Temporal Features: "Recency" weightings—songs played yesterday are more relevant than songs played 3 years ago.
Feature Store: Use Feast or Tecton to ensure that the features used during training (offline) are exactly the same as those used during batch inference (online consistency).

Model Architecture

Retrieval (Candidate Generation):
Two-Tower DNN: One tower encodes user history/metadata into vector U. One tower encodes track features into vector I.
Loss: Sampled Softmax or Triplet Loss to maximize dot(U, I) for positive tracks.
Scale: Use FAISS (Facebook AI Similarity Search) to perform ANN search across 100M track embeddings.
Ranking (Final Selection):
XGBoost/LightGBM: Since we only rank ~500 items per user, a GBDT is highly effective at capturing non-linear interactions (e.g., "User likes Genre X AND Item is Popular in Region Y").
Target: Binary classification (Is interaction > 30s?).

Training Pipeline

Negative Sampling: Crucial for retrieval. Use "In-batch negatives" (random tracks) and "Hard negatives" (tracks the user saw but didn't click).
Data Splitting: Time-based split. Train on data up to Week N-1, validate on Week N. Random splits will cause data leakage via user habits.
Retraining: Two-Tower model retrained weekly; Track embeddings (Item2Vec) can be updated daily to capture new trends.

Serving Pipeline

Pattern: Batch Offline Inference.

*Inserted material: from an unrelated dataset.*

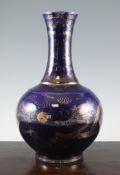 A Chinese gilt-decorated blue ground bottle vase, Guangxu mark but later, decorated with confronting
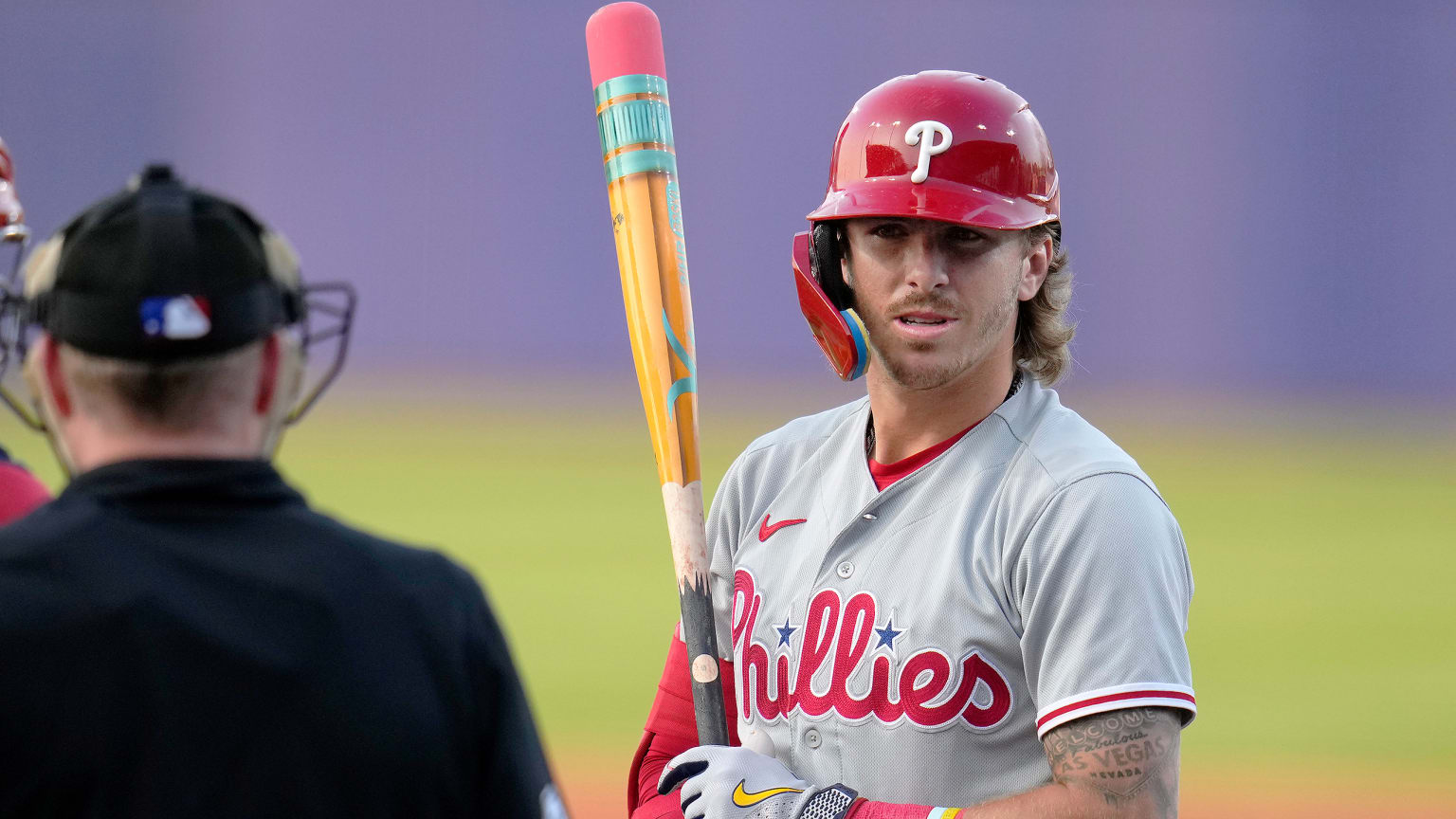 Bryson Stott holds a bat painted to look like a pencil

Every Sunday night, a massive Spark job runs for all active users.
Workflow:
Extract User Embeddings.
FAISS query to find Top 500 tracks.
Join with features.
Rank top 30 with XGBoost.
Write results to Cassandra.
SLA: The API just does a simple GET from Cassandra by user_id, ensuring <10ms response time for the user.

Evaluation Pipeline

Offline: Use Hit Rate @ 30 and NDCG. Compare the new model against the previous week’s model using historical logs.
Online (A/B Test): Split 5% of users to the new model. Measure "Discovery Ratio" (Listening to music not previously in library) vs. Control.

Monitoring Pipeline

Prediction Drift: Monitor the mean predicted score. If it drops, the model is losing confidence.
Feature Drift: Monitor the distribution of user embedding norms. Large shifts suggest changes in user behavior or upstream data bugs.
System Health: Track the completion time of the Sunday batch job. If it exceeds 24h, the system fails to deliver.
Wrap Up

Final Evaluation

Feedback Loop: "Skips" are fed back into the next week's negative sampling. "Saves" are given 5x weight in the positive training set.
Cold Start: Handled by the Audio CNN Tower in the retrieval stage.
Trade-off (Accuracy vs. Diversity): Pure accuracy leads to "Hit" songs. We intentionally inject a Maximum Marginal Relevance (MMR) penalty to the ranker to de-duplicate artists and genres in the final 30.
Distinguishing Insight: A Principal engineer knows that "Exploitation" (giving users what they already know) is easy, but "Discovery" requires a high Novelty Score. I would track the average popularity of recommended tracks and ensure it's significantly lower than the user's current "Top 40" habits to prove the system is actually "discovering."